(In Part I and Part II, Michael explains the investment process in an attempt to give a realistic depiction of the time it takes to get an investment round through – in this list it’s all about getting it over the final hurdle.)
Stage 3 (6 weeks) – Due Diligence and close – dragging deal across the line.
The speed and efficiency of due diligence is often dictated by the preparation a founder has done. They should have a full financial pack in place, SEIS/EIS letter of approval, company information, legal material and their bank standing by to receive the funds.
What inevitably happens is the investor reads the term sheet and then comes back with a counter proposal. This then leads to a negotiation face to face and then with lawyers. Even when a handshake has taken place, the lawyers can start their work.
Often if a fund is investing they will have term sheets that they have to stand over to keep parity across a portfolio. A founder should be careful and be particularly aware of matters such as liquidation rights, any dilution and other small print. What may be offered is a mix of equity investment and debt. The terms of any debt instrument have to be carefully understood to ensure that it doesn’t have a long term detrimental damage to the founder. If you’re not sure what those mean, you can google them, keep reading our blog or sign up for our sessions!
There may also be a staggered draw down of funds on the hitting of particular targets, requirements for board seats, access to accounting software, supply arrangements of products or services between investor’s business and founders business. These are all details that can have a positive impact on the business or not but have to be agreed.
In many cases the final investment round will include a combination of angel investors, a fund, a government fund and existing share holders. The challenge at this stage is aligning terms and satisfying the lawyers.
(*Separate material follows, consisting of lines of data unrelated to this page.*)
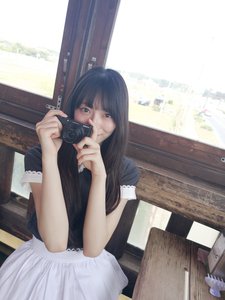 七月の引き出し - 画像7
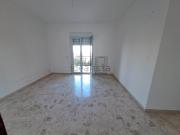 Appartamento in affitto di 125 m² in Viale B. Croce, 14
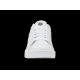 3. K-Swiss COURT SHIELD II Schuhe (04412-128-M)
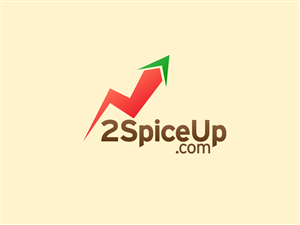 Logo Design by Juan in the Box Designs for this project | Design: #499757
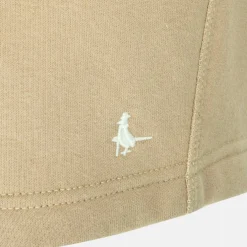 Balmore Pheasant Sweat Shorts Mens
It is also worth mentioning a potential delay can be Know Your Client or Anti Money laundering rules. The investors have to confirm identify and in some cases reveal origins of funds. They will likely be used to this but can delay matters.
The fear at this point is that no compromise can be found and investment doesn’t go ahead. What’s worse is if the founder goes ahead on terms they aren’t comfortable with. This will lead to the inevitable failure of the business. The founder has to be strong and have faith in his business to wait for the right investors.
The time frame for due diligence and competition can be 6 weeks. But it’s often delayed due to
- Slow lawyers
- Slow accountants
- KYC/ AML checks
- Last minute inclusion in terms
- People on holiday
- Other business commitments.
This blog asked how long does an investment round take. From start to finish it can easily take 6 months or even longer. A local firm just announced a funding round and it took 18 months. They waited for the right combination of investors and then completed the deal on mutually beneficial terms. It’s fair to say that if a motivated investor sees an opportunity they know and like it can also take 6 weeks but it’s crucial it’s the right money on the right terms.